In deference to Mr. Jinnah’s famous 11th August pronouncement of separation of religion from the business of the state, the PPP government has designated 11th August as “Minorities Day” (presumably because minorities refer to it more than the majority does). We, however, reject this contention here at PTH on the basis that the word “minority” flies in the face of the vision given by Mr. Jinnah in the same speech. Faith was to have nothing to do with the business of the state. Instead we commemorate the Quaid’s speech by designating this as the “Secular Pakistan Day”. It looks like a distant dream but we at PTH are fired up by this idealism. We are all Pakistanis regardless of our faith as Jinnah unequivocally said. He also said that faith was a personal matter for an individual and that the state should be completely impartial and unconcerned with faith.
You may read Jinnah’s speech in full here.

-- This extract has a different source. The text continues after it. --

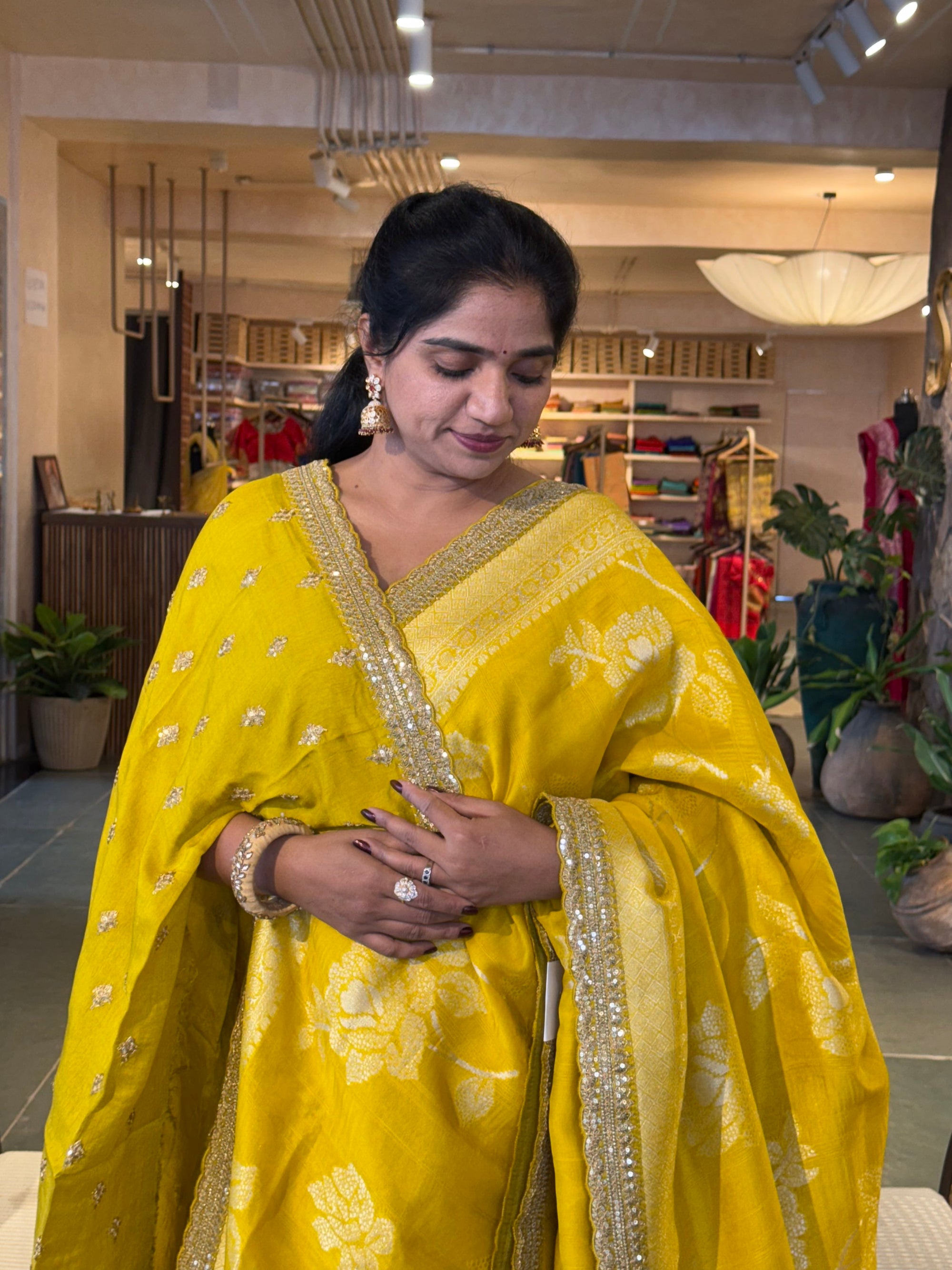 Yellow Tussar Khaddi Saree with Allover weaving and sabhyasachi borders STKM15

I reproduce here an article by Dr. Ishtiaq Ahmed – who is otherwise a critic of Jinnah and the Pakistan Movement- written on the issue of the 11th August speech that we reproduced in the past as well:
No ideological tendency in Pakistan identifies itself with the August 11 speech of Jinnah with greater enthusiasm than the secularists. Among them are included the marginalised leftists, oppressed minorities, retired senior bureaucrats and radical intellectuals. Both Marxist and liberal versions of secularism inform their thinking. The secularists are divided on many things, but agree that the secular nature of the Quaid’s message is unequivocal and incontrovertible. Their lament is that his unworthy successors broke a sacred covenant of equal rights bequeathed by the Founder of Pakistan.

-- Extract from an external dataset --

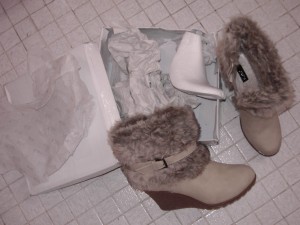 Müll0212 001.jpg (281.84 KiB) 4647 mal betrachtet Heute angekommen und gerade ausgepackt.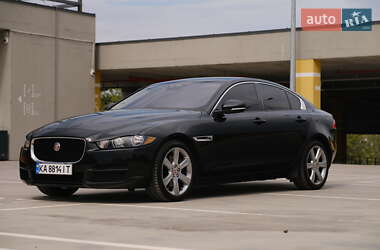 Седан Jaguar XE 2017 в Киеве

It is interesting to note that the Communist Party of India supported the demand for a separate Pakistan and passed a resolution in 1944, associated with a leading theorist of the Party, Dr Adhikari, in which the demand for Pakistan was described as a popular movement of the Muslim masses for national self-determination. Consequently Communists of Muslim background were advised to join the Muslim League. The Muslim League which had hitherto been emphasising the religious differences between Hindus and Muslims to justify the two-nation theory added from 1945 onwards radical slogans and arguments which portrayed the struggle for Pakistan as a class struggle of impoverished Muslims against Hindu and Sikh moneylenders and capitalists.
Some leading landlords who sympathised with Communist ideas such as Mian Iftikharuddin and Mumtaz Daultana became top leaders of the Muslim League in the Punjab. Daultana later changed course in 1953 when as chief minister of Punjab he promoted the anti-Ahmadiyya movement to bring down the weak central government under Khwaja Nazimuddin in the hope of himself becoming the prime minister. In any case, it is generally acknowledged that communist rhetoric played a noteworthy role in popularising the idea of Pakistan..

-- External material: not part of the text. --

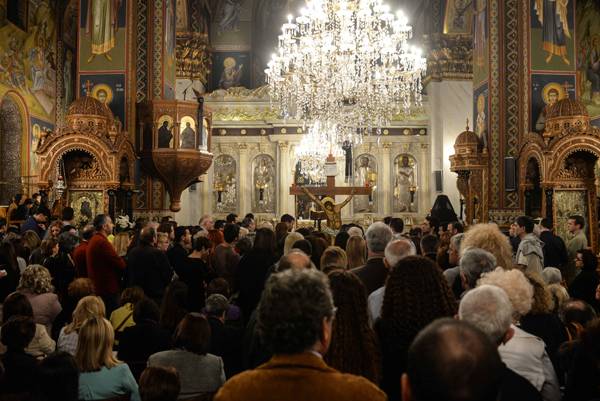 Τα Δώδεκα Ευαγγέλια στην Υπαπαντή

Most Muslims of undivided northern India were either peasants or artisans. There was also a powerful Muslim landlord class everywhere and a small stratum of professionals or gentry, but industry, commerce and banking were almost entirely in the hands of Hindus, Sikhs and the tiny community of Parsees. The reason why Muslims have been slow or resistant to capitalism has still not been properly investigated and theorised, but in the context of colonial India class and religious cleavages coincided rather well to portray the creation of a separate Muslim state as a panacea to all the ills afflicting the Muslim community.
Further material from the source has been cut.